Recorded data
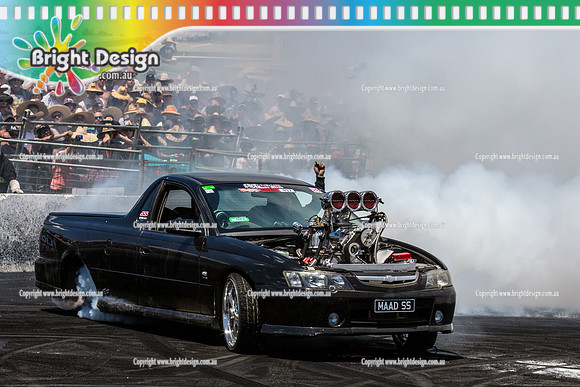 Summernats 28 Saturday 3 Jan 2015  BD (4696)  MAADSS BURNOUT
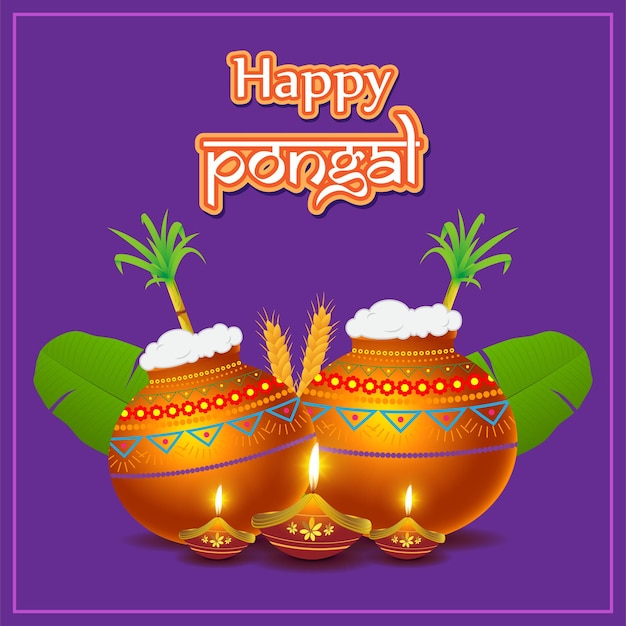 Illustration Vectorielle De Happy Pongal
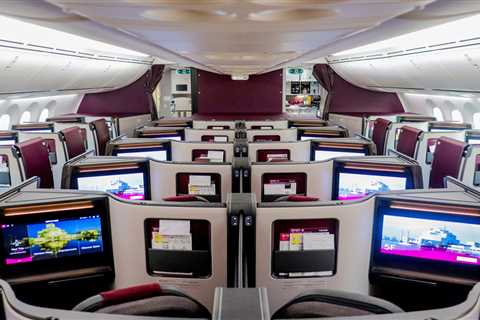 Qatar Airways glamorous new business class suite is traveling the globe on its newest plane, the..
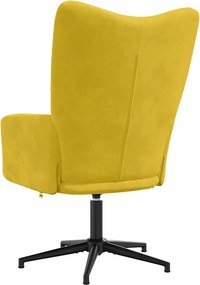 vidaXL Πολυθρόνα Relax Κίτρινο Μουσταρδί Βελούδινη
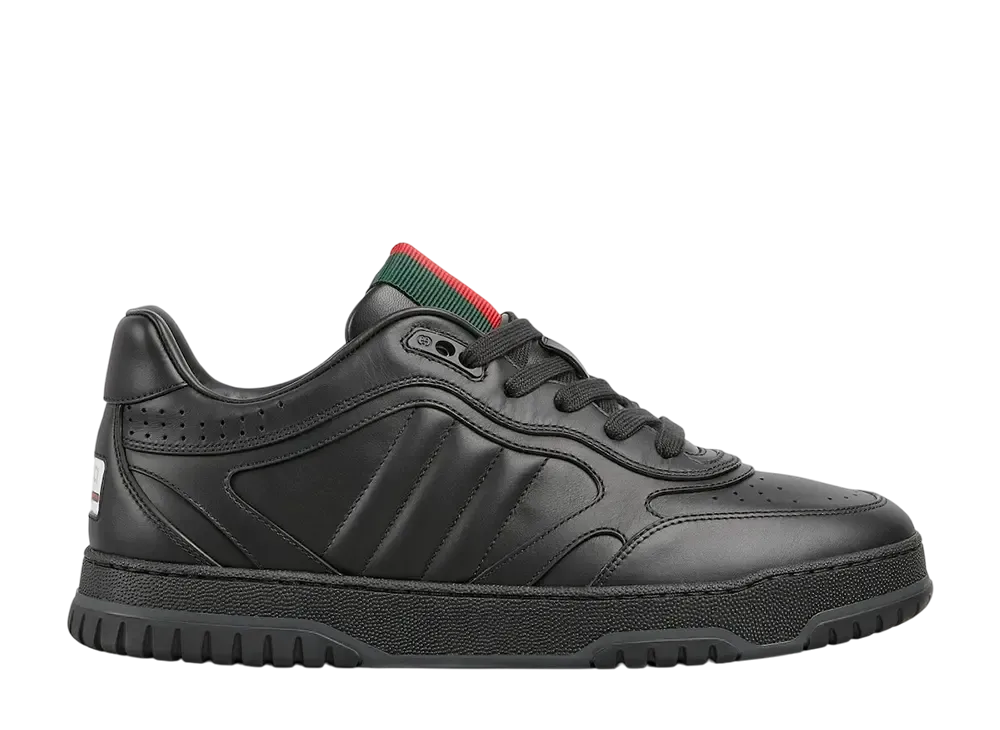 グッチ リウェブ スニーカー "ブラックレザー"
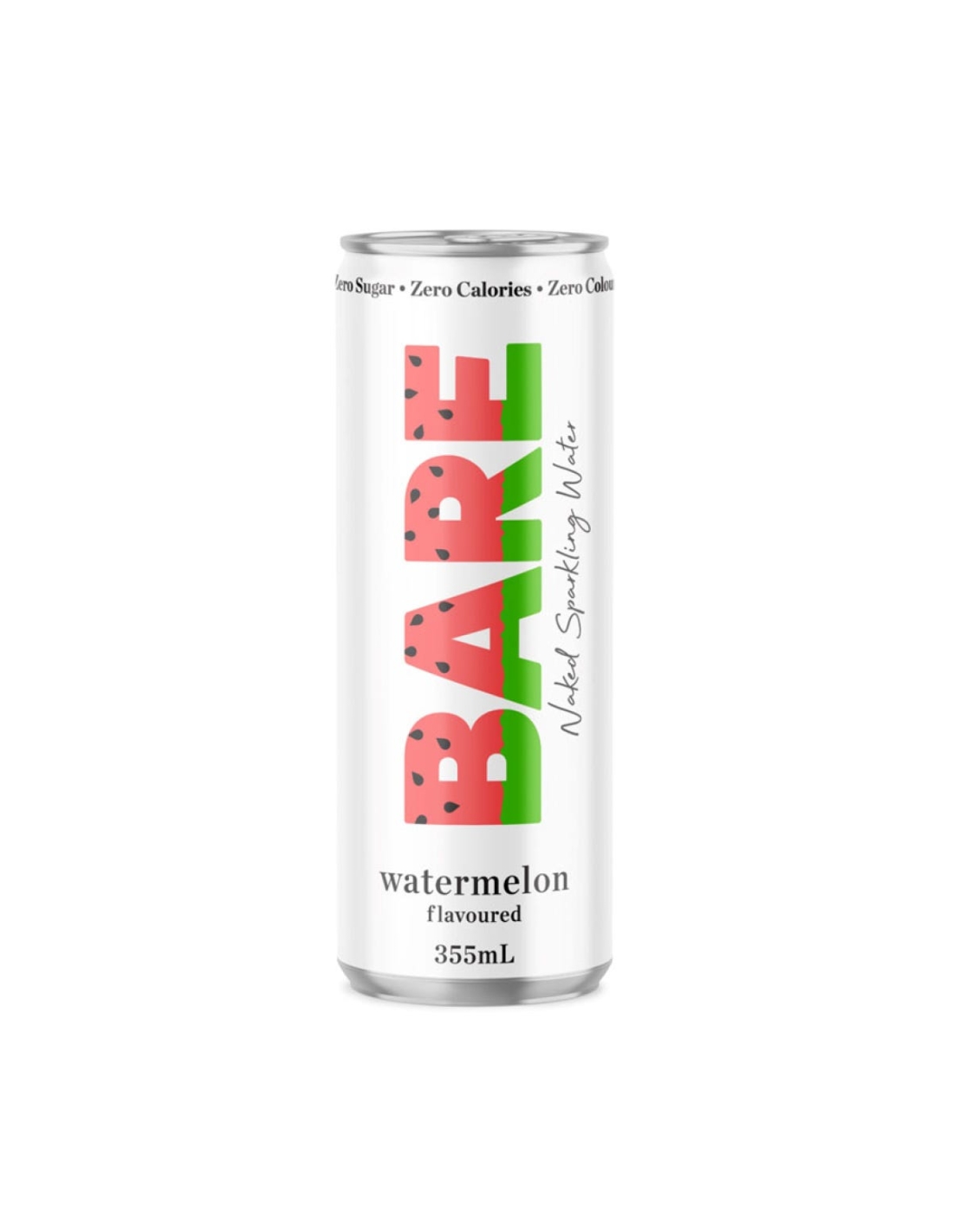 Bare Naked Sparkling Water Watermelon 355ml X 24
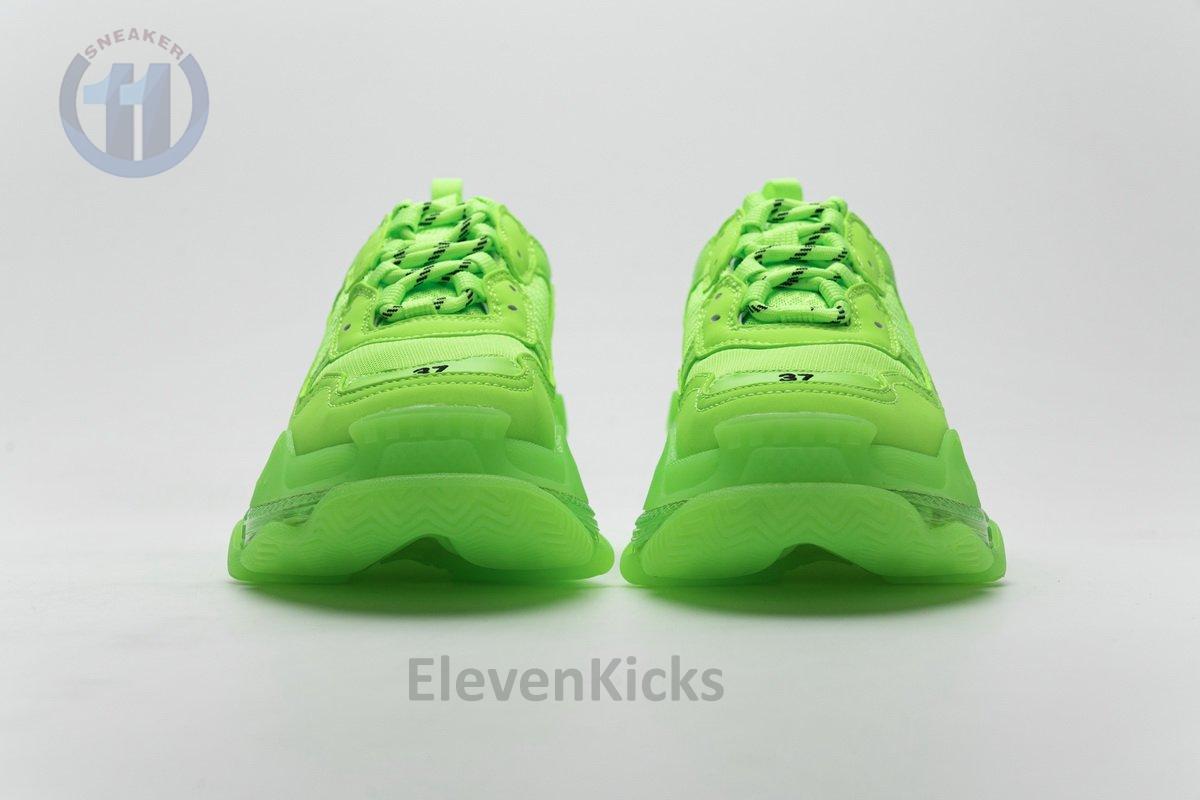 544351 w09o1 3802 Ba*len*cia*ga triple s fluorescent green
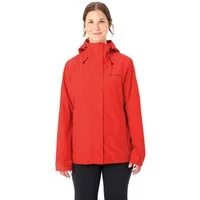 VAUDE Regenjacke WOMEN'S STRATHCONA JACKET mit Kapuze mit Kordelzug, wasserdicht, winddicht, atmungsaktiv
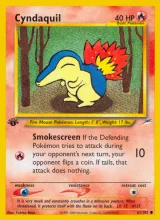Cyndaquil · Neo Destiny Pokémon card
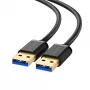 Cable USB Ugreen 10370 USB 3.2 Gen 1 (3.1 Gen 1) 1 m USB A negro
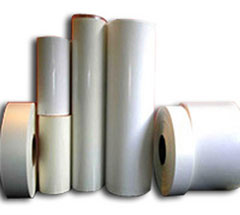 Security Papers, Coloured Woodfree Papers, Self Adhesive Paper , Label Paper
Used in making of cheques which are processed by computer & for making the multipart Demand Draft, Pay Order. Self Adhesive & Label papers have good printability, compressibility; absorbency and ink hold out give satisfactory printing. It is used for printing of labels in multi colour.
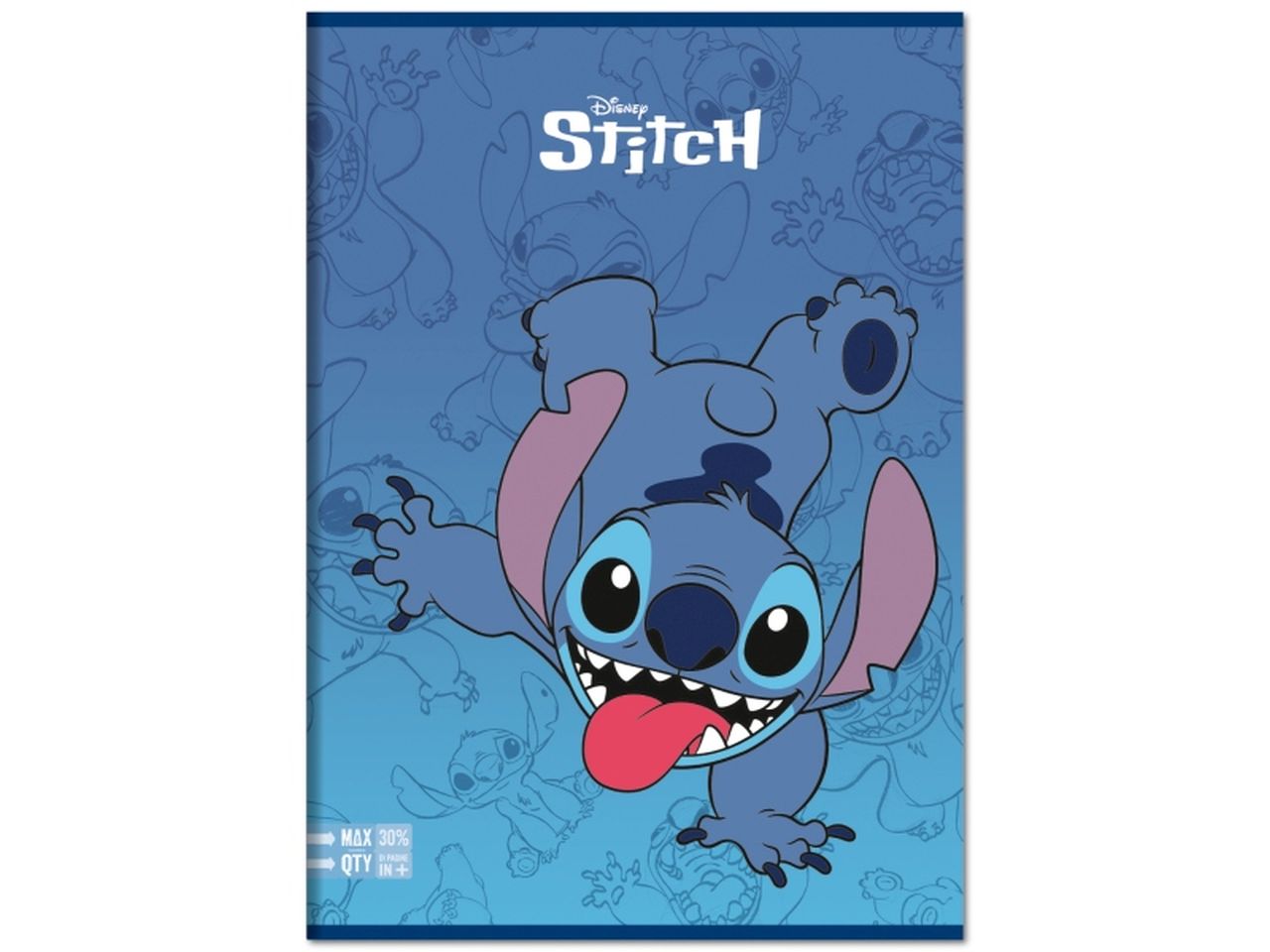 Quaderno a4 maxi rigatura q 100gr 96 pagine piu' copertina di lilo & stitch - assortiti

■ What you are asked to do:
Leave the pictures out, and restate exactly the lines from the start of the records through the one that contains "Security Papers, Coloured".

■ Answer to this problem:
 Summernats 28 Saturday 3 Jan 2015  BD (4696)  MAADSS BURNOUT
 Illustration Vectorielle De Happy Pongal
 Qatar Airways glamorous new business class suite is traveling the globe on its newest plane, the..
 vidaXL Πολυθρόνα Relax Κίτρινο Μουσταρδί Βελούδινη
 グッチ リウェブ スニーカー "ブラックレザー"
 Bare Naked Sparkling Water Watermelon 355ml X 24
 544351 w09o1 3802 Ba*len*cia*ga triple s fluorescent green
 VAUDE Regenjacke WOMEN'S STRATHCONA JACKET mit Kapuze mit Kordelzug, wasserdicht, winddicht, atmungsaktiv
Cyndaquil · Neo Destiny Pokémon card
 Cable USB Ugreen 10370 USB 3.2 Gen 1 (3.1 Gen 1) 1 m USB A negro
 Security Papers, Coloured Woodfree Papers, Self Adhesive Paper , Label Paper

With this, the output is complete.